Erri de Luca est l'un des auteurs les plus présents dans ma bibliothèque. Autant dire l'un de mes auteurs préférés. Tout comme
Luis Sepulveda, ce n'est pas tant ce qu'il écrit qui me plait mais la façon dont il l'écrit (ce qui, pour moi, est beaucoup plus important).
Erri de Luca est aussi un véritable poète et il suffit de lire son magnifique
Trois Chevaux pour s'en convaincre. Il est par ailleurs le seul, à mon sens, à savoir parler d'amour : jamais cliché, ni dépassé, ni trop suave, toujours tout en délicatesse, avec émotion, avec pudeur.
Le tort du soldat est un tout petit livre de moins de cent pages (il y en a 87, pour être exacte), un recueil de pensées et de sensations mêlées plutôt qu'un roman. Parfois, il est vrai qu'on s'y perd un peu, se demandant où l'auteur souhaite nous mener, pourquoi tel thème émerge soudain des lignes pour disparaître tout aussi brusquement, sans raison apparente ; il n'y a pas de construction précise à en attendre, il suffit seulement de se laisser porter. Quelques répétitions cassent le rythme, mais ce n'est pas grave.
On retrouve ici plusieurs des thèmes favoris de l'auteur, de ceux qu'il explore régulièrement dans ses écrits : l'enfance, le yiddish, l'escalade… Car ce livre parle bien de lui, d'un moment de vie (réel ou non, je l'ignore) qu'il décide de transmettre. Pour la première partie de l'histoire, en tout cas.
La seconde, clairement plus romancée, emprunte la voix d'une femme qu'il croise brièvement dans une auberge de montagne. Celle-ci, fille d'un criminel de guerre, est prétexte à exprimer deux points de vue sur le sujet, le sien et celui de son père. Ici, l'auteur/narrateur est plus discret, il s'efface derrière ses mots pour laisser parler ses personnages à sa place.
Le vieil homme et lui ont plus en commun qu'on pourrait le croire. Ils partagent une semblable obsession du détail, la manie de traquer les signes et les symboles, et, bien sûr, leur étude appliquée de l'hébreu, même si celle-ci n'est pas motivée par les mêmes causes ni les mêmes buts.
C'est donc la femme qui doit s'opposer à eux, par son caractère, par ses idées et sa façon de décider sa vie. Se présentant comme l'inverse même de son père (et donc, en partie, de l'auteur) elle reste toutefois capable, si elle ne le comprend pas, de l'accepter.

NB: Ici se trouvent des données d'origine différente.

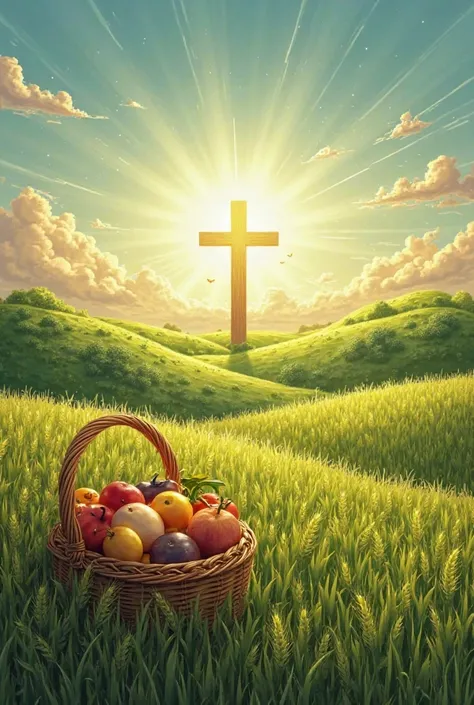 Make me a design of an image in horizontal format where you can see a green valley full of wheat with a basket of various fruits and where in the distance in the sky you can see the radiance of a cross with open arms 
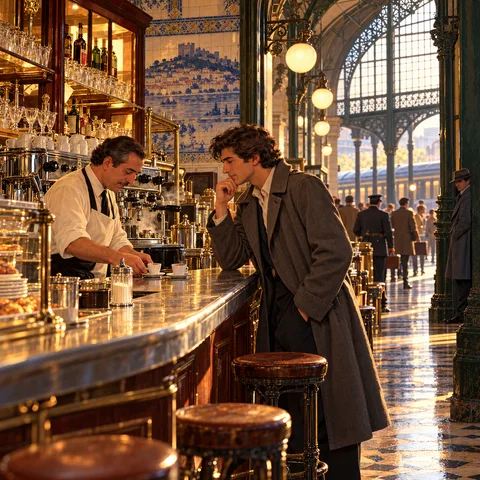 A young man in a grey trench coat leans on a brass counter beside a glass sugar shaker while a barista prepares two small coffees inside a sunlit station buffet.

Ce qui m'a le plus gêné, que j'ai le moins apprécié lors de ma lecture, reste le manichéisme dans lequel plonge le récit. Concernant le père, aigri et paranoïaque, je n'ai rien à redire. Son attitude d'ancien nazi considérant que son image de monstre n'est dû qu'au fait d'avoir perdu la guerre est aussi dure qu'elle est finement suggérée. Mais, lorsqu'il parle de façon plus globale de l'Allemagne, qu'il la met par exemple en comparaison avec l'Italie, son pays d'origine,
De Luca tombe dans le cliché malheureux : les Italiens sont ouverts et généreux tandis que les Allemands (et on ne parle pas là de nazisme) sont secs et silencieux. Bullshit.

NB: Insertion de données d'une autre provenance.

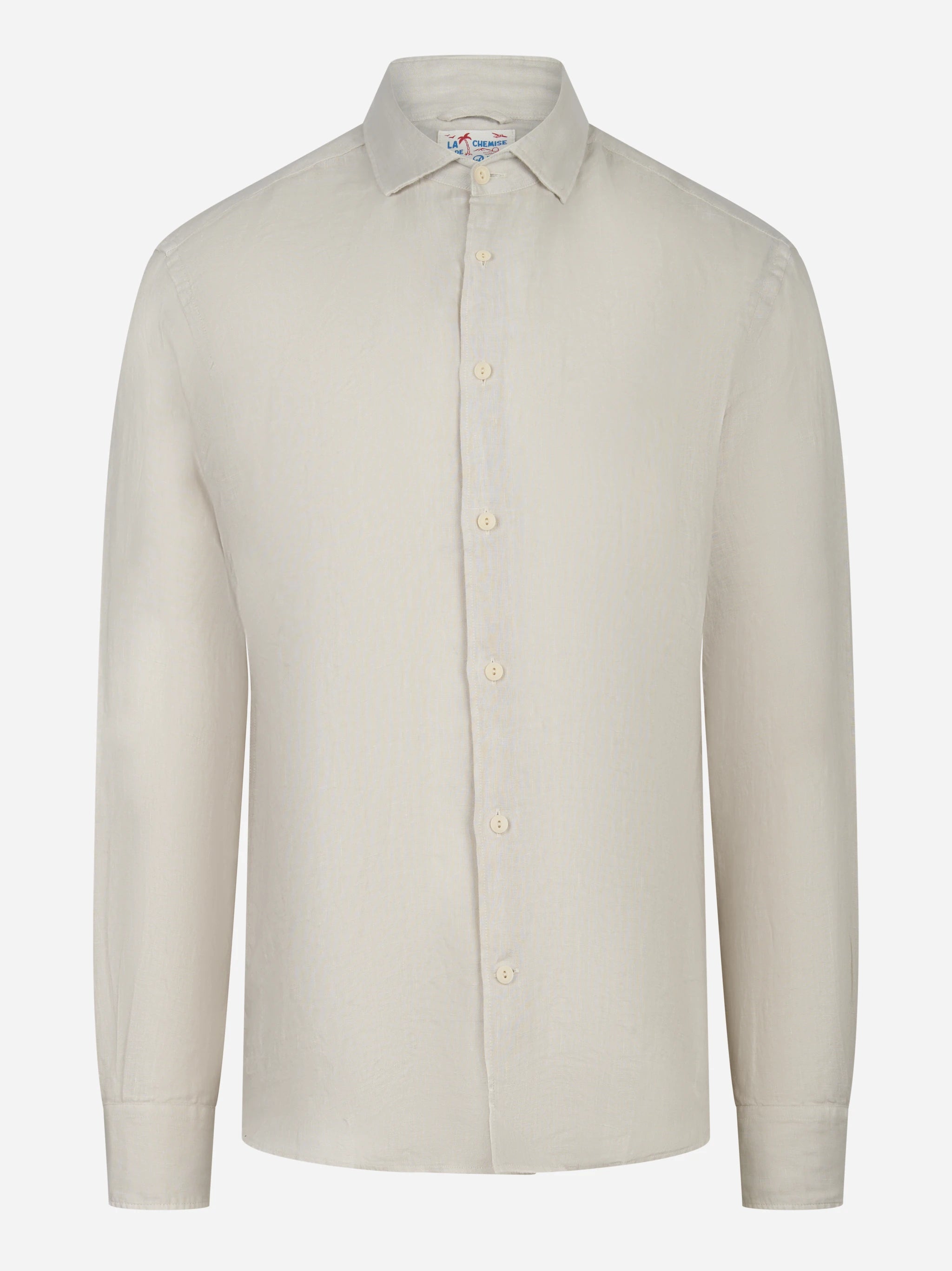 Camicia manica lunga Pamplona in lino beige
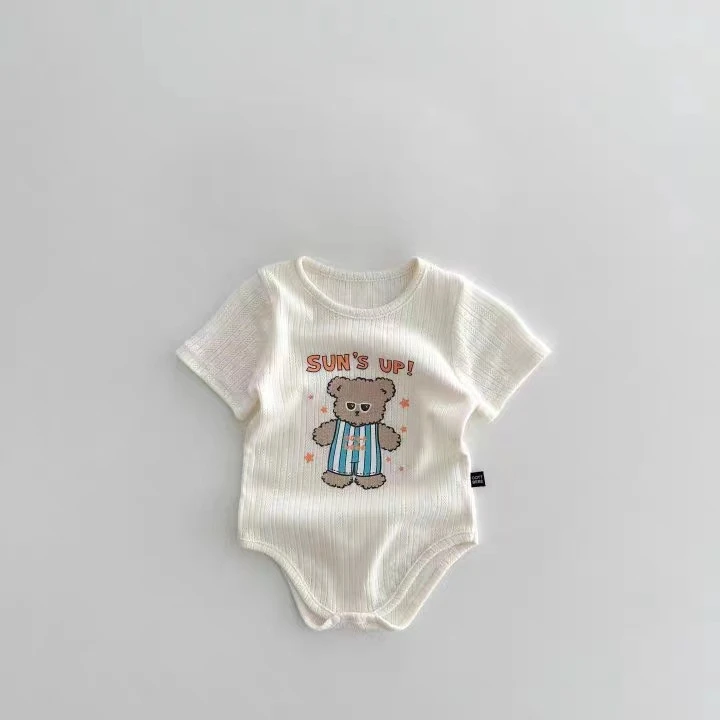 A韩版ins毛绒熊公仔毛毛熊短袖透气轻薄哈衣夏季童装清凉家居服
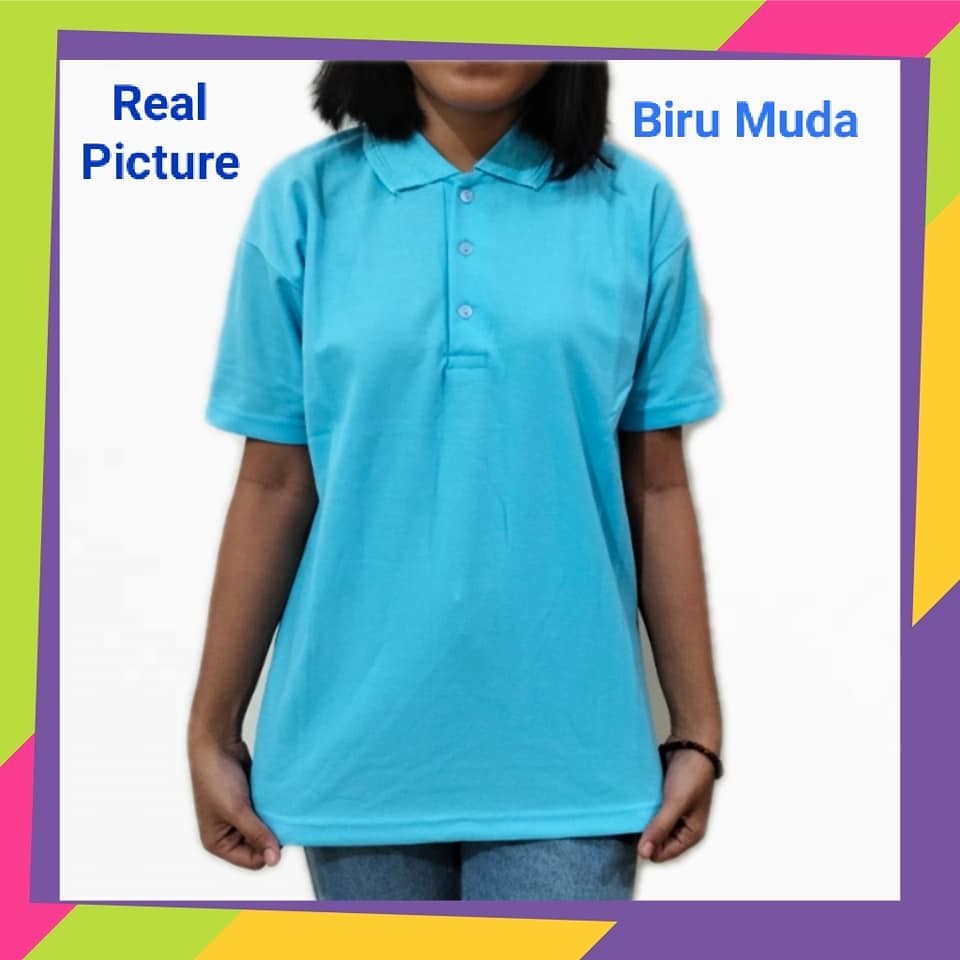 Jual Kaos Kerah Polos Wanita Warna Biru Muda Kaos Polo Polos Biru Langit Kaos Kerah Wanita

Pour moi, tous les enseignements de ce livre ne sont donc pas bon à prendre. Passés ces petits agacements, la plume de l'auteur est toujours aussi prenante par sa sincérité et c'est surtout pour cela que
le tort du soldat vaut la peine d'être lu. Peut-être pas pour une première lecture (sauf si le sujet vous parle particulièrement) mais, si vous avez déjà apprécié l'auteur, n'hésitez pas.